The numbers of one of the planet’s “mega-ist” of terrestrial megafauna are on the rise in Nepal.
A recent government census found that the country’s population of greater one-horned rhinoceros, estimated at 752, grew by more than 100 since the last count in 2015.
Better than 90 percent of Nepal’s rhinos reside in Chitwan National Park, which along with India’s Kaziranga National Park represents the greatest remaining stronghold of this mighty, tank-like grazer. Much smaller populations in Nepal – reintroductions sourced from Chitwan – are found in Bardiya, Shuklaphanta, and Parsa national parks.
“The increase of rhinos is exciting news for us,” Haribhadra Acharya, information officer for Nepal’s Department of National Parks and Wildlife Conservation, told AFP. “But we have challenges ahead to expand the habitat areas of this animal to maintain the growth.”
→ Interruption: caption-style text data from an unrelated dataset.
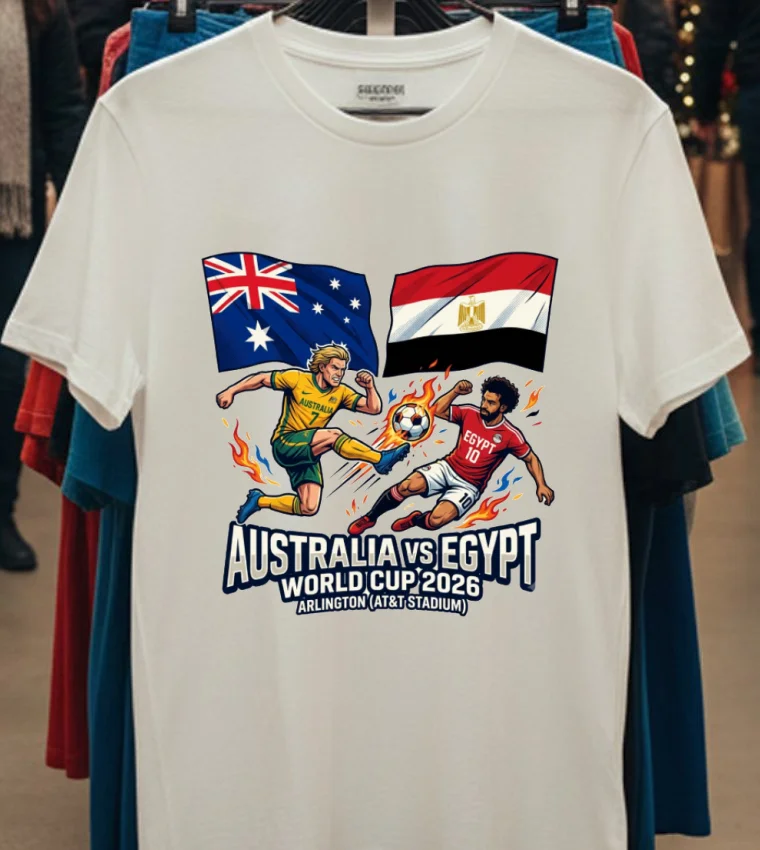 Australia Vs Egypt World Cup 2026 In Arlington (At&T Stadium) T Shirt - white-t-shirt Australia Vs Egypt World Cup 2026 In Arlington Att Stadium T Shirt White T Shirt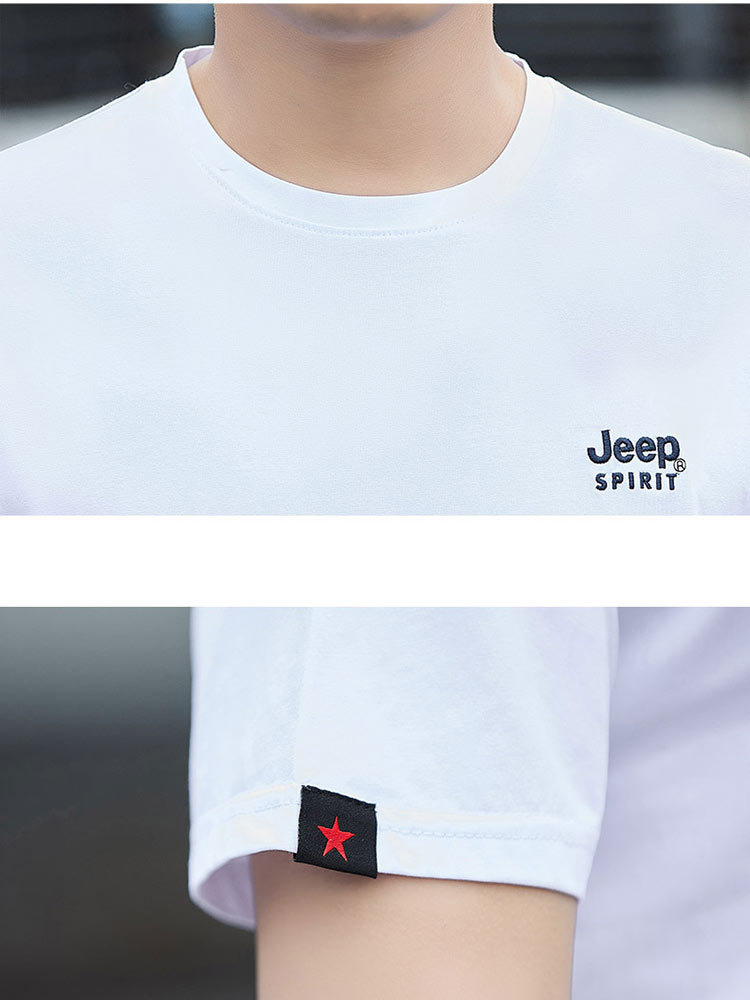JEEP男士短袖T恤纯棉运动休闲上装HL7235·墨绿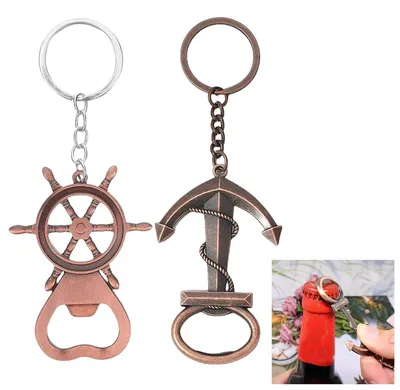 Flaschenöffner Schlüsselanhänger, 2 Stück, Metallanker, Bieröffner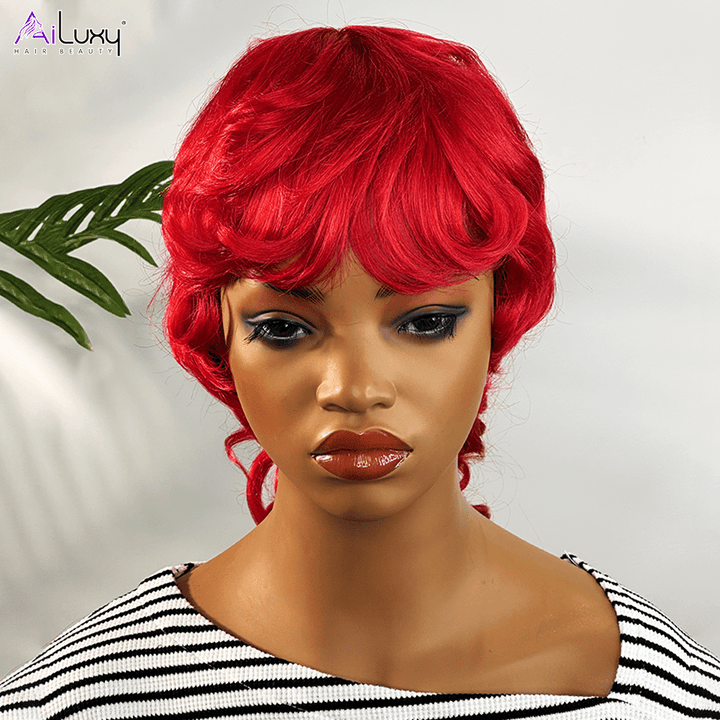 AILUXY Longue Rouge Mulet Perruque 100% Cheveux Humains comme sur la vidéo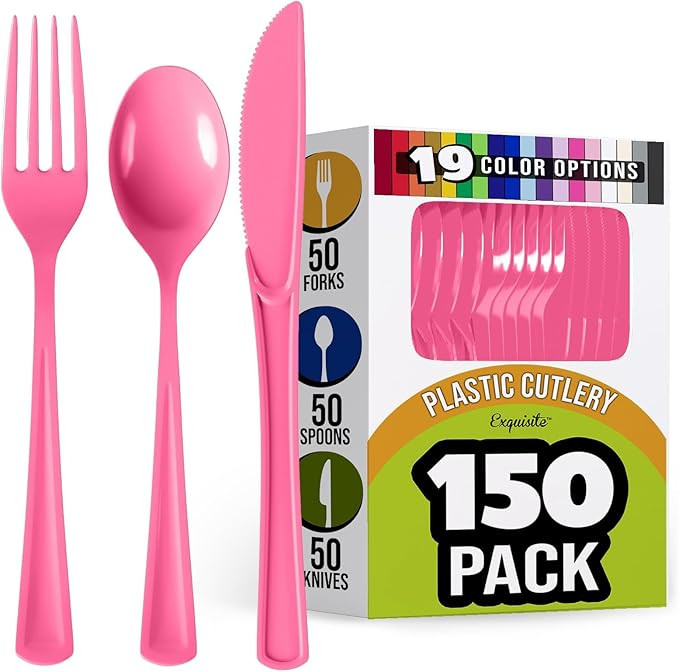 150 Pack Cerise Plastic Cutlery Set, Plastic Silverware Heavy Duty, Plastic Utensil Sets, 50 Plas... | Amazon (US)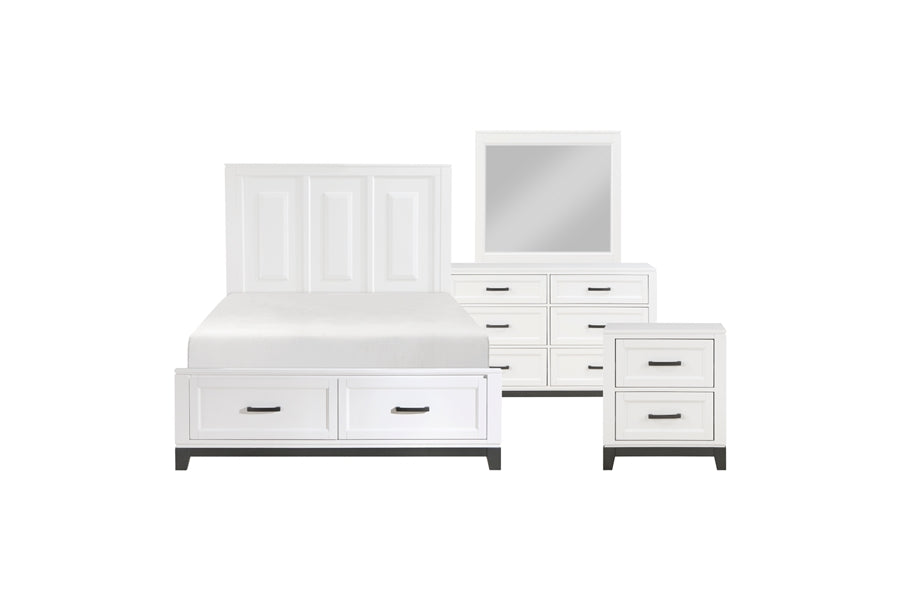 Garretson White/Metallic Gray Platform Bedroom Set 1450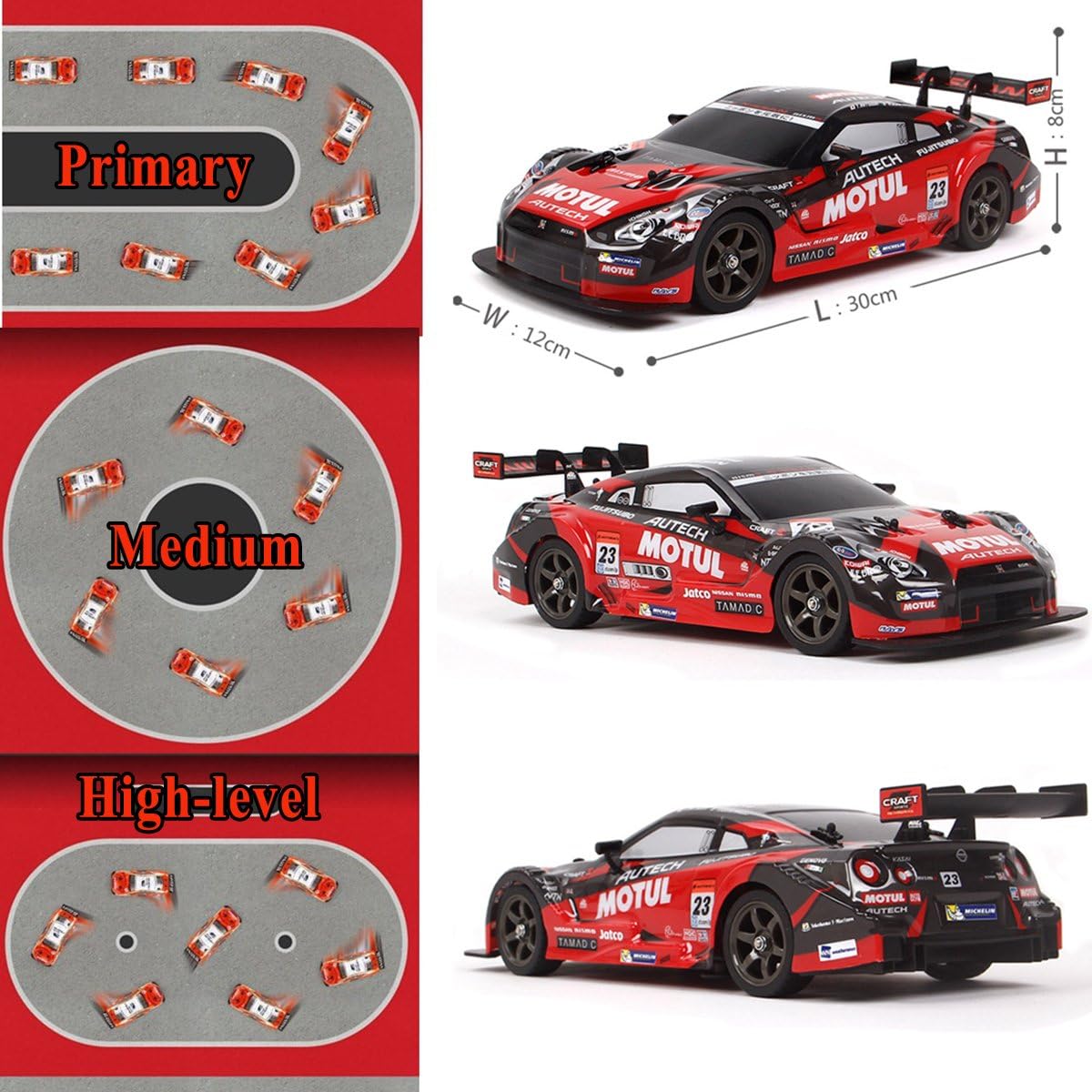 Super GT RC Sport Racing Drift Car, 1/16 Remote Control Car for Adults Kids Gifts, 4WD RTR Vehicle with 6 Battery and Drift Tires - Red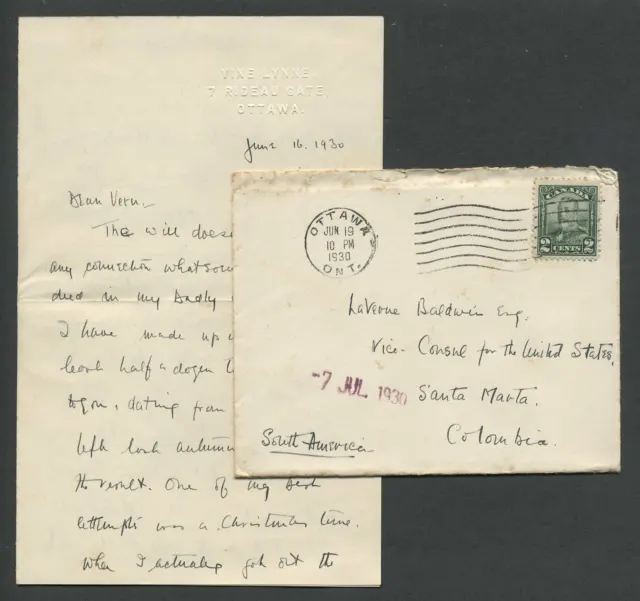 Ottawa Canada: 1930 Letter from Hyacinthe Lambart VINE LYNNE, 7 RIDEAU GATE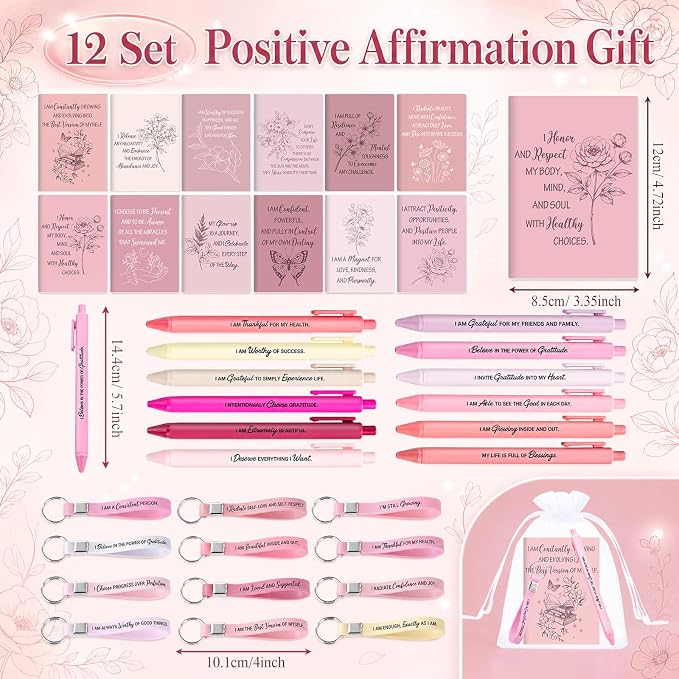 Mooliwe 12 Set Positive Affirmation Gift Set Gratitude Notebooks with Pens Keychains Small Bags Motivational Party Favors for Adult Women Coworkers Employee Group (Pink)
Reaching weights up to 2,700 kilograms (6,000 lbs.), greater one-horned rhinos, which formerly ranged from Pakistan to Myanmar, are the second-biggest rhino species after Africa’s white rhinoceros. Their favoured habitat is the riverine grassland and adjoining forest along the floodplains of the Terai Arc Landscape, which covers some 51,000 square kilometres of northern India and southern Nepal.
Nepal has been counting its rhinos every five years since 1994, when 466 were recorded. This most recent census was slated to take place in 2020, but the COVID-19 pandemic delayed it. And the count, which relied on direct observation by more than 300 participants, came with its share of challenges, including an attack by a wild elephant and the fatal mauling by a Bengal tiger of one of the crew’s mahouts in Bardiya.
The census results, though, are encouraging for a creature that’s had its ups and downs in Nepal. A major increase in human population and the habitat loss and poaching that came with it drastically reduced rhino numbers in the Chitwan Valley in the mid-20th century; by the late 1960s, less than 100 rhinos remained. The government stepped up conservation efforts in response, forming an armed patrol unit (the Gainda Gasti) and establishing Chitwan National Park in 1973.
These and other efforts boosted the rhino population, but it took another hit during the Nepalese Civil War (1996-2006), which exacerbated poaching. Rhino horns are highly valued on the black market.
The picture has improved once again over the past 15 years, as this latest rhino census suggests. But government officials and conservationists stress expanded habitat has to be part of that picture going forward, as burgeoning rhino numbers in hemmed-in preserves won’t necessarily be sustainable.
“It is going to be a huge challenge,” Gana Gurung of WWF-Nepal told the BBC. “Both tigers and rhinos need vast areas to roam around as their populations increase. They come to the edge of the park resulting in human-animal conflict.”